Nick Saban and the Tide put together another strong effort in all three phases in its 38-7 rout of No. 11 Mississippi State.
With a prime-time matchup against an unbeaten challenger stepping into its lair, the top-ranked Alabama Crimson Tide delivered another emphatic statement with a 38-7 beatdown of No. 11 Mississippi State.
Nick Saban’s club got off to another quick start, and the defense stymied the high-powered Bulldogs' attack en route to a commanding 24-0 halftime lead.
A.J. McCarron led the offense to touchdowns on its first three possessions, hitting seven different receivers in the first half—including touchdown strikes to Kenny Bell and Michael Williams.
The defense and special teams both pitched in with sterling efforts to help the Tide improve to 8-0.
What significant tidbits can Tide fans take away from their latest impressive victory?
Here are 10 things we learned from the Tide’s victory over Mississippi State.
Last season, Alabama’s tight ends and running backs were a significant part of its passing attack.
But with the emergence of the receiving group this season, Williams has turned into more of a blocking tight end, and the backs have not been as involved in the passing game.
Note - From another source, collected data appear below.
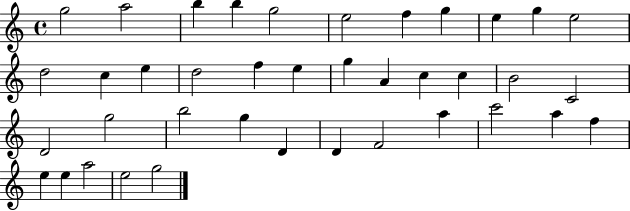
{
  \clef treble
  \time 4/4
  \defaultTimeSignature
  \key c \major
  g''2 a''2 | b''4 b''4 g''2 | e''2 f''4 g''4 | e''4 g''4 e''2 | \break d''2 c''4 e''4 | d''2 f''4 e''4 | g''4 a'4 c''4 c''4 | b'2 c'2 | \break d'2 g''2 | b''2 g''4 d'4 | d'4 f'2 a''4 | c'''2 a''4 f''4 | \break e''4 e''4 a''2 | e''2 g''2 | \bar "|."
} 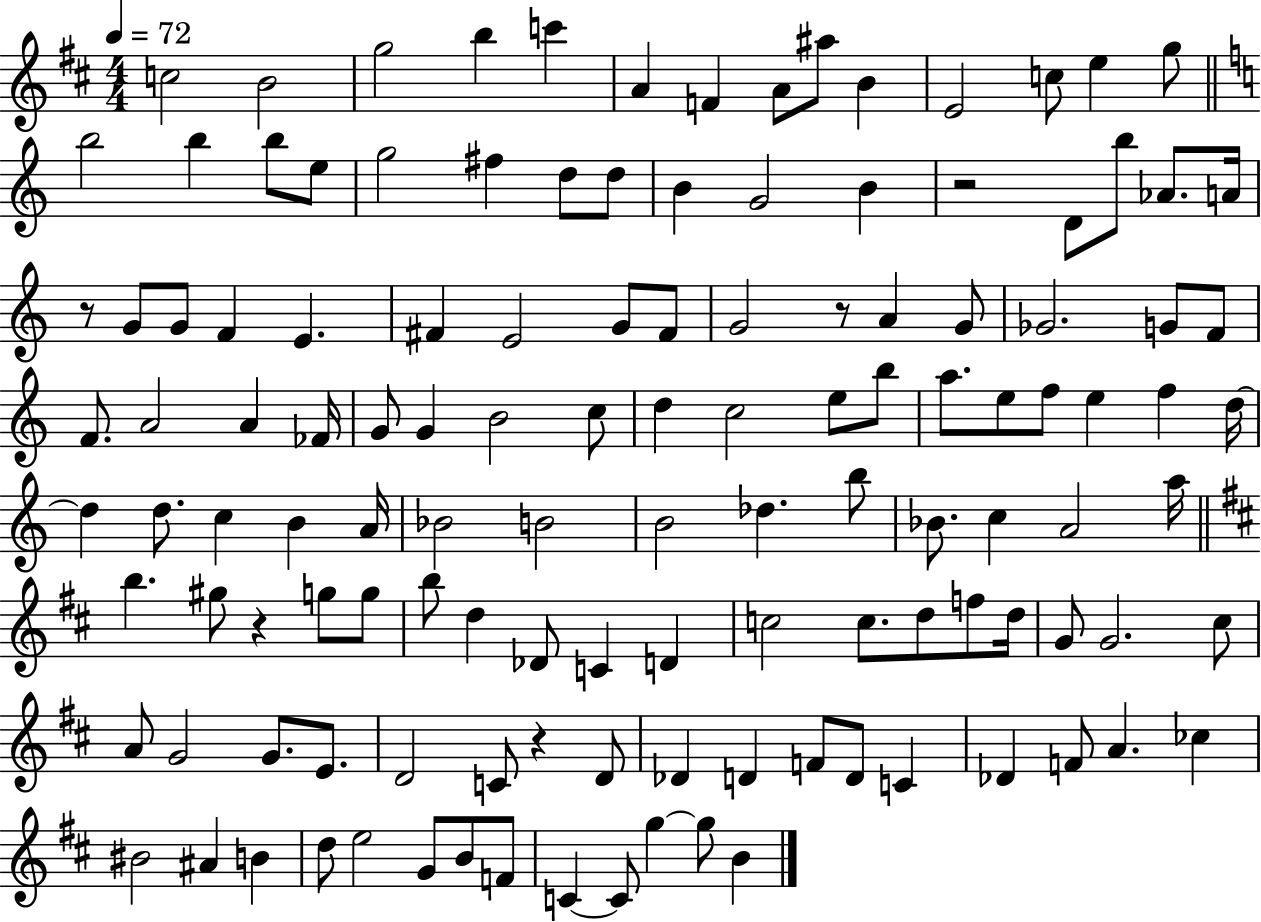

That trend changed against the Bulldogs, with Williams hauling in five receptions for 38 yards and a touchdown and Eddie Lacy recording four receptions for 51 yards and a score.
To put that outburst in perspective, both players entered the game with a combined 19 receptions for 130 yards and two scores.
Entering the season, junior receiver Kenny Bell was expected to become Alabama’s main deep threat this season.
While freshman Amari Cooper has emerged as the team’s go-to playmaker, Bell has come on strong the last two weeks.
In the first quarter, Bell got behind All-American corner Johnthan Banks and streaked in for a 58-yard touchdown to extend Alabama’s lead to 14-0.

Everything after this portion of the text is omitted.